Lifeguards out for run rescue 10-year-old from rip current

BRICK TOWNSHIP, N.J. (AP) - Two lifeguards out for a run along a New Jersey beach helped rescue a 10-year-old girl who got caught in a rip current.

Chadwick Beach lifeguards Matt Schwartz and Brett Tusinac, both 19, were on a physical training run along a stretch of water in Brick Township not heavily monitored when they heard the girl's cries for help Monday afternoon.

Lifeguard captain Ed Peters told the Asbury Park Press they ran into the rough surf, swam out about 50 yards and pulled the girl ashore.

Tusinac and Schwartz said they felt a burst of adrenaline rushing into the water to save the girl.

The area of the beach is loosely patrolled, which could have been deadly with Monday's rip current and rough surf.

"Thank God they were on their run," Ed Peters said, adding the lifeguards risked their lives with no equipment.

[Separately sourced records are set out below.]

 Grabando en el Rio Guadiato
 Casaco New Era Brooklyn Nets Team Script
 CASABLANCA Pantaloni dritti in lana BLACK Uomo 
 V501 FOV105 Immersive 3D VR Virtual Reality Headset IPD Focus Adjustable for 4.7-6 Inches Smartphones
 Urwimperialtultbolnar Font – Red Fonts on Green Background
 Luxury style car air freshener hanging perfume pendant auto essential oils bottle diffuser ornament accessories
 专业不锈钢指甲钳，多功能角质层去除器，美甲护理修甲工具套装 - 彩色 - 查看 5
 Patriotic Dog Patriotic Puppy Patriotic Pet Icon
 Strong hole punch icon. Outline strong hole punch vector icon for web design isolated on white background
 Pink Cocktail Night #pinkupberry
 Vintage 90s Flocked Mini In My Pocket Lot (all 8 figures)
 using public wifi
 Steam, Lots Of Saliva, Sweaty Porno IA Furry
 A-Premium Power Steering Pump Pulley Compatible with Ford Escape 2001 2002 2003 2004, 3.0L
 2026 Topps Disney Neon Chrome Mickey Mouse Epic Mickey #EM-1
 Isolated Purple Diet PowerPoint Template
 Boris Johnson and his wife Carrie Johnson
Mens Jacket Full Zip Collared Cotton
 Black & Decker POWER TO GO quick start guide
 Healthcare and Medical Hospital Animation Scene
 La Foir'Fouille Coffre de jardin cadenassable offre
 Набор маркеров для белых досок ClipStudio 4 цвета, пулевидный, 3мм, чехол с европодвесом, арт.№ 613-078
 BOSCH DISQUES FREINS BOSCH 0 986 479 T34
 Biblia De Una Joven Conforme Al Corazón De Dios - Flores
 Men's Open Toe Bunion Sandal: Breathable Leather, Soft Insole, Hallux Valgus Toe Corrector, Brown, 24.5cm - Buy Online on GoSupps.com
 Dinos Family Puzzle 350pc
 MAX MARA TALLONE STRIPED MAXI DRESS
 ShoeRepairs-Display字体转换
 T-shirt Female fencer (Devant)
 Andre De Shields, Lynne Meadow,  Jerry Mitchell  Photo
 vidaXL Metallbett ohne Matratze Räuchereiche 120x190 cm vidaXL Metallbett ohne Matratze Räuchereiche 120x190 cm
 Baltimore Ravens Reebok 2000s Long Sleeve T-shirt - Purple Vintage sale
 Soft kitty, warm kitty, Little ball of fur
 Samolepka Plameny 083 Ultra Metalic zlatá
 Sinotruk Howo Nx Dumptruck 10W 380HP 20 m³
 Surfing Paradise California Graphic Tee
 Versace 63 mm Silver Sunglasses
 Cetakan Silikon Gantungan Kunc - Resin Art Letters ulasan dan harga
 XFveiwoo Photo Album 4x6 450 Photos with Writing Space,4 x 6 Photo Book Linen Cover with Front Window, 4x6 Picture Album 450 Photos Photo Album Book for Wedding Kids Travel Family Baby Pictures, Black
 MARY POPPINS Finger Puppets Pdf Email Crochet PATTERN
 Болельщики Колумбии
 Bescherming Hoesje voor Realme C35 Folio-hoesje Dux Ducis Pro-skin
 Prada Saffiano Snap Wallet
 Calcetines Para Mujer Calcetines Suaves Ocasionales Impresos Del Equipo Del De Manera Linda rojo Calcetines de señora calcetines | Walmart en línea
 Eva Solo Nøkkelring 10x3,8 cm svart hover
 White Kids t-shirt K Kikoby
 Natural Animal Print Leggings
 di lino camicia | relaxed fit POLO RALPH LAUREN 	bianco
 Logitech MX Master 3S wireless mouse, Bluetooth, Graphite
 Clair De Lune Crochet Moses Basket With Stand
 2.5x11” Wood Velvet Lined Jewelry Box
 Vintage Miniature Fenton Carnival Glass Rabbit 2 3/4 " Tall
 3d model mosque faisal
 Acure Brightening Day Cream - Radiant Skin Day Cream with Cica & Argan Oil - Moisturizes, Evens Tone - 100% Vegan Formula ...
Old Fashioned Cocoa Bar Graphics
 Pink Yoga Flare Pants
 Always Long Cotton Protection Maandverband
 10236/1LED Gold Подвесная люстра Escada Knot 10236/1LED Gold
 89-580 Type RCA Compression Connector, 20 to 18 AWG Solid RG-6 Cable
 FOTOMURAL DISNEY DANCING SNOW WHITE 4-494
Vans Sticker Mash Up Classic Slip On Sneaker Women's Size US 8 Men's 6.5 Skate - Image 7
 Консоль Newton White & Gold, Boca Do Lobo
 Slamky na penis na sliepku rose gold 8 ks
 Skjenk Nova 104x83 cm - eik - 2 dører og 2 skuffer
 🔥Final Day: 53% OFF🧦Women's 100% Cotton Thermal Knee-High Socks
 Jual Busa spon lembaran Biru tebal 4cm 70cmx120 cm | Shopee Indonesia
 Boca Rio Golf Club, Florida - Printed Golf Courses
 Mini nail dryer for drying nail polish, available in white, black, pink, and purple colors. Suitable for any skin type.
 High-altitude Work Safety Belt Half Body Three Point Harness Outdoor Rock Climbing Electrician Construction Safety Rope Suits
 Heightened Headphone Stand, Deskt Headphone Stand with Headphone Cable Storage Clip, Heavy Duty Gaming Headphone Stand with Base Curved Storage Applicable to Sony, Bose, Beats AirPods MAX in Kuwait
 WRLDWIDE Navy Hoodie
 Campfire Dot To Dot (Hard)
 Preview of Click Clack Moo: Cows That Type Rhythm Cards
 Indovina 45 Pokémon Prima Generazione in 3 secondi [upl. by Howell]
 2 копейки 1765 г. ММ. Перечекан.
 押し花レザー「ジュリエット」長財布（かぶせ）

The girl was shaken, but unharmed. She was not taken to a hospital and was reunited with her family.

Peters said the lifeguards were in the right place at the right time. Tusinac and Schwartz are second-year lifeguards.

For Tusinac, this was his first rescue of the year.

This year, the Jersey shore recorded a number of youth drownings. Two girls drowned off the coast of Belmar this summer. A 12-year-old girl drowned at a Sandy Hook beach last week, and bodies of two teenagers who drowned at a beach off of Atlantic City were recovered days after they were pulled out to water.